Huh. That’s a nice idea, Dan, that Pim & Francie only looks like a collection of unfinished stories and pieces, but I don’t know if I quite buy it. (I definitely don’t buy the New York magazine Nabokov theory you linked.) But I also don’t know that it matters, because Columbia makes the “unfinishedness” work for the story, just as you and previous critics have indicated, and the resulting book has its own otherwise perhaps unattainable power. It’s difficult to know whether or not these stories would have worked better if Columbia had completed them more traditionally, just as it is to conclude whether or not David Lynch’s Mulholland Drive would have worked better as the television series he had originally intended.

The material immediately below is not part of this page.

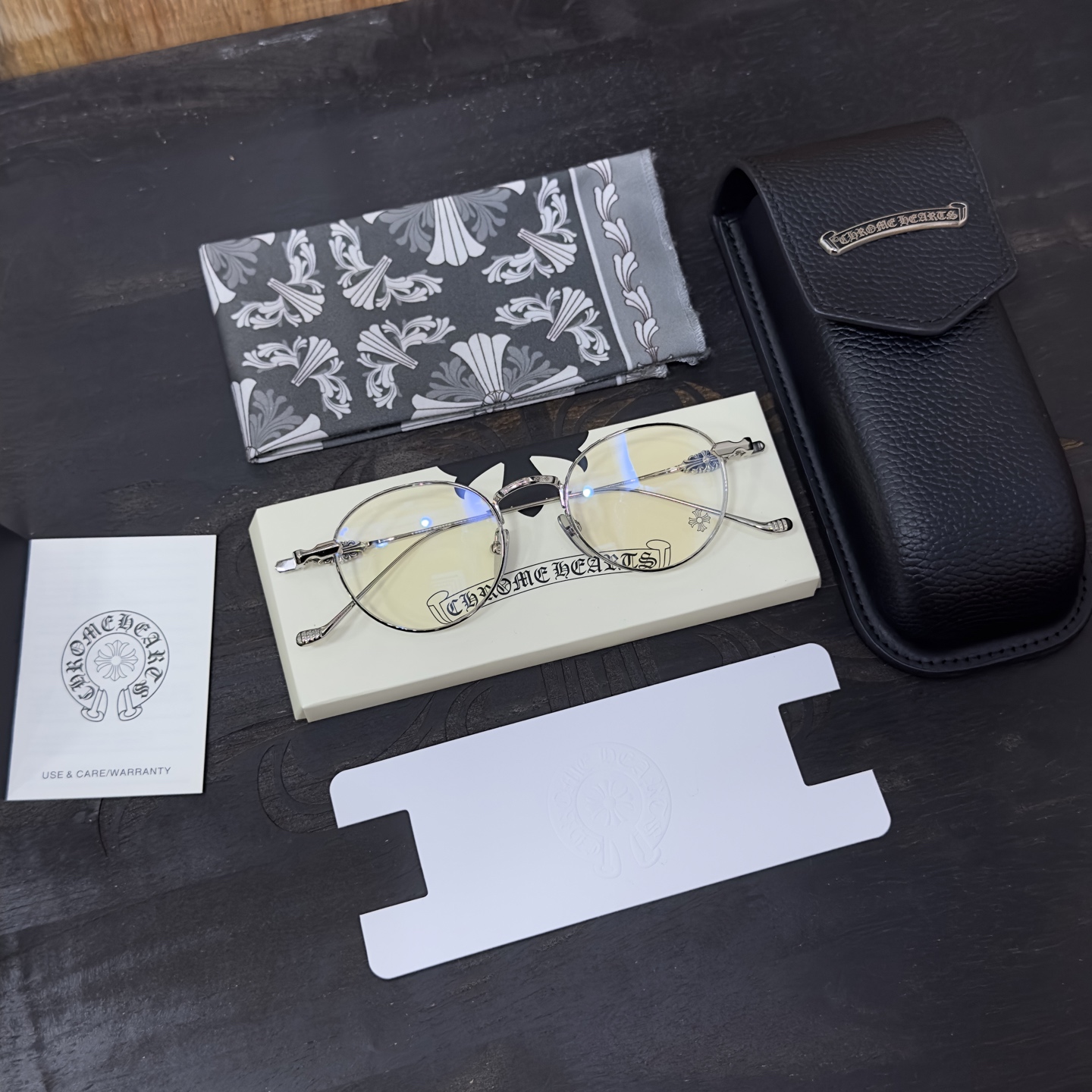 ChromeHearts 925 Silver Round Eyeglass Frame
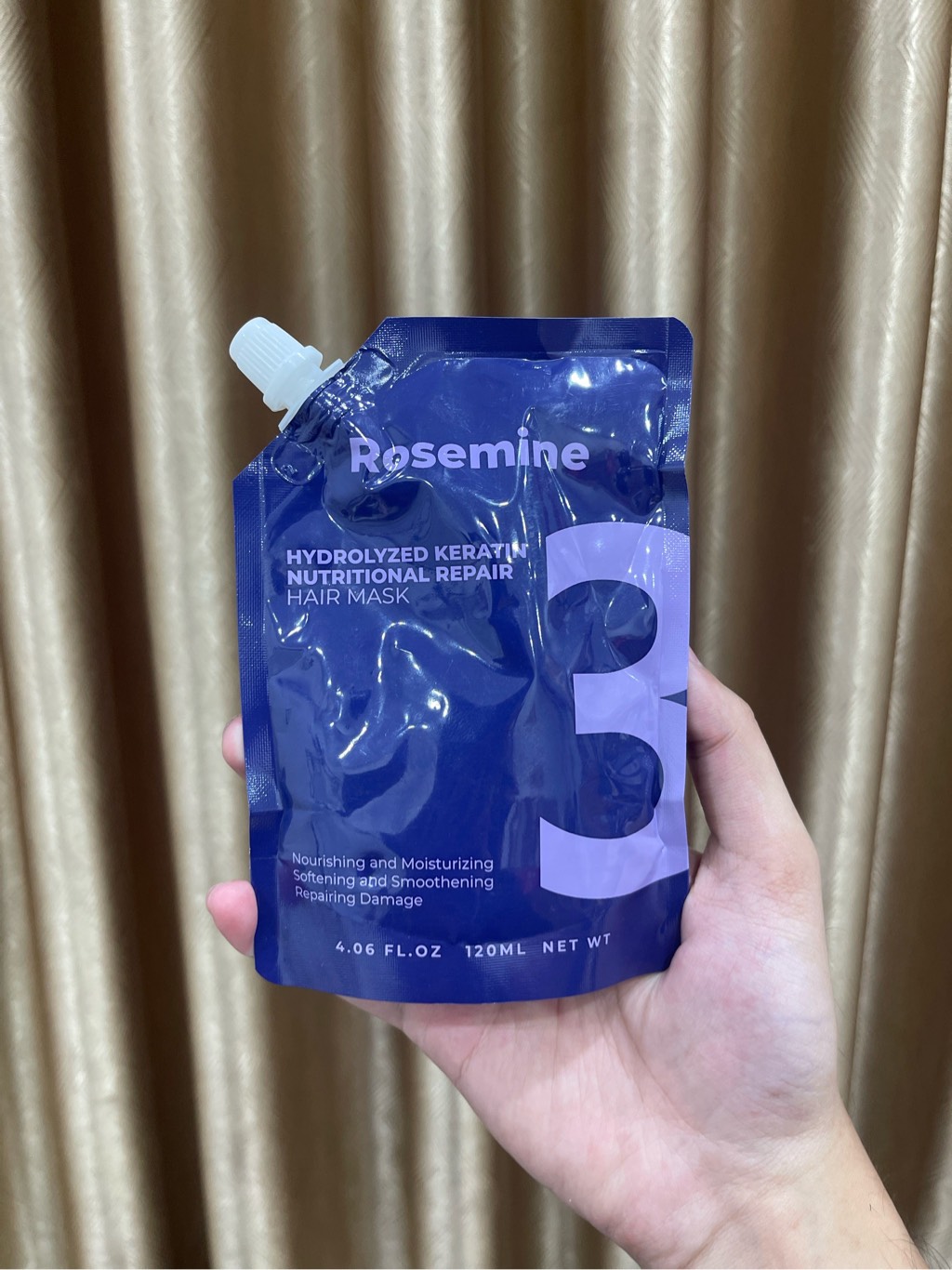 Mặt Nạ Ủ Tóc Keratin Thuỷ Phân Rosemine Giúp Phục Hồi, Giảm Gãy Rụng Tóc Hàn Quốc 120ml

In the end, you have to read the book you hold in your hands.

It’s definitely interesting, and telling, that the text of the book itself draws almost no attention to its own raw state, other than in the spine’s parenthetical “Artifacts and Bone Fragments.” As you said, Dan, knowing Columbia’s career history inevitably shapes the reader’s response, and it’s fun and fruitful to (attempt to) read the book as if you aren’t aware of it.

In either case, the fact that so many of these grotesque stories and vignettes don’t really resolve contributes to the reader’s growing sense of unease. It’s almost like a 12-bar blues song (or an intensifying series of songs) that never returns to the tonic chord: your nerves get a real work out.

Of course, in another way, the fact that so many of these funny-animal-like characters are horribly mutilated only to be resurrected, seemingly unharmed, a few pages later only points back to traditional cartoon tropes of endlessly recurring death, dismemberment, and escape. As if Wile E. Coyote’s tortured existence wasn’t played for laughs. (Grant Morrison’s celebrated attempt to capture something similar looks lame and obvious compared to Columbia’s infinitely more subtle work.)

I’ve said it before in another context, but I’m really beginning to believe it: “In a way, every comic depicts a phantasmagoric dreamscape: Squint just right, and everyone from Spider-Man to Dilbert is revealed as a nightmarish figure.” When I was a child, for reasons I can’t even now articulate, I remember feeling a irrational fear looking at Minnie Mouse’s oversize high heels engulfing her strangely shaped feet. Francie wears the same shoes in this book, and now I find them scary as an adult. That’s a big part of what I get out of Al Columbia’s comics in general: they really bring out the surreal terror already buried within cartoon imagery.

That’s it for me for now. You got anything, Frank? And Dan, I guess there’s nothing stopping you (or anyone) from jumping in again at any time, either.

TIM: Also, is it my imagination, or does Cinnamon Jack remind anyone else of Alfred E. Neuman?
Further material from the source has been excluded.